◆ **Work instructions**
Among the entries below, please repeat exactly and only the lines from the line containing "2021 youngest of" to the line containing "Adventure Baby shower", both lines included.

◆ **Data provided**
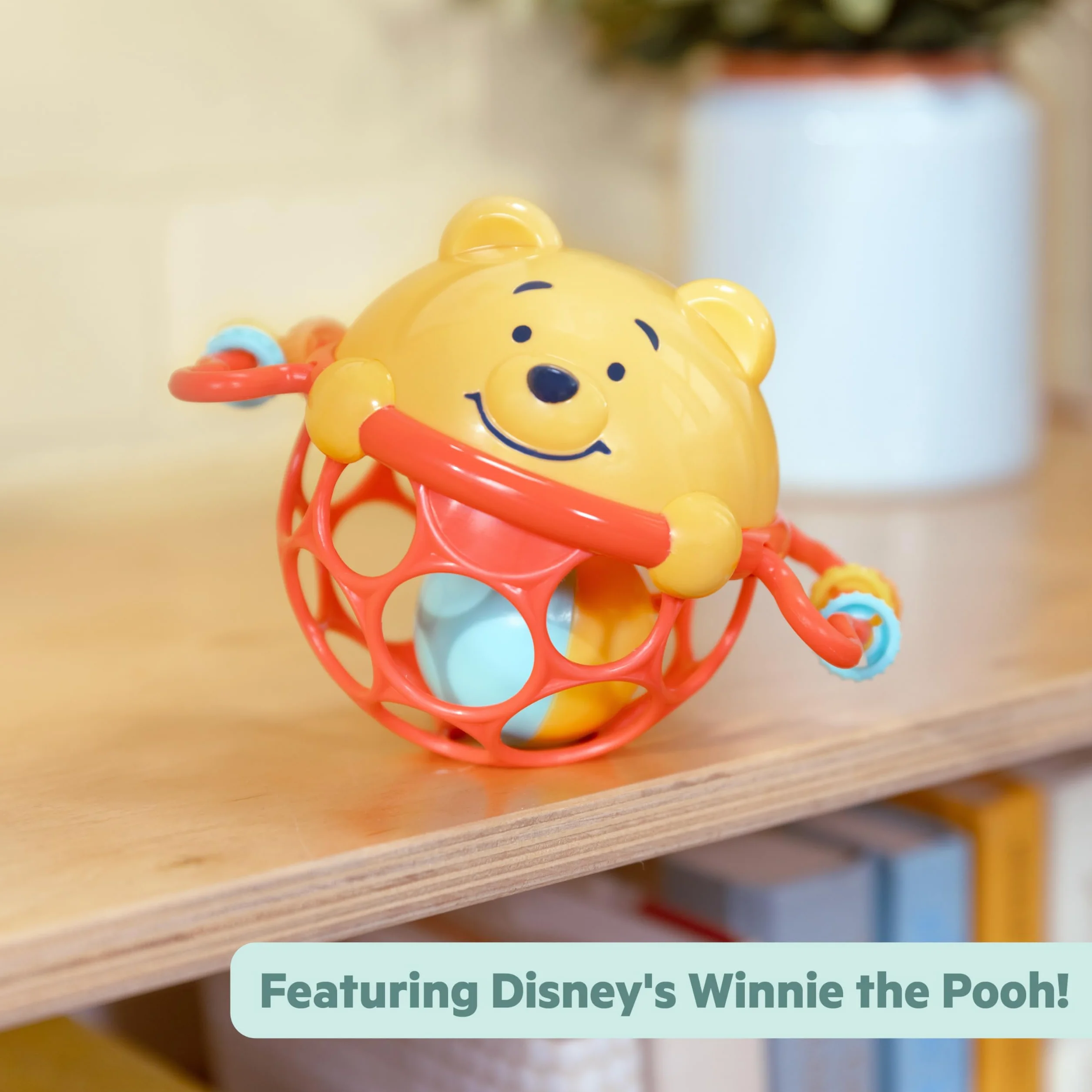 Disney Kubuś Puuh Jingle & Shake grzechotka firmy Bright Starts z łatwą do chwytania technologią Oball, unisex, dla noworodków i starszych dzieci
--
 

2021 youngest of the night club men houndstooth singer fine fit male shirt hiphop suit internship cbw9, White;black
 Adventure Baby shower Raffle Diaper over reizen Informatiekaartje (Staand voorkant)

◆ **Response to the task**
2021 youngest of the night club men houndstooth singer fine fit male shirt hiphop suit internship cbw9, White;black
 Adventure Baby shower Raffle Diaper over reizen Informatiekaartje (Staand voorkant)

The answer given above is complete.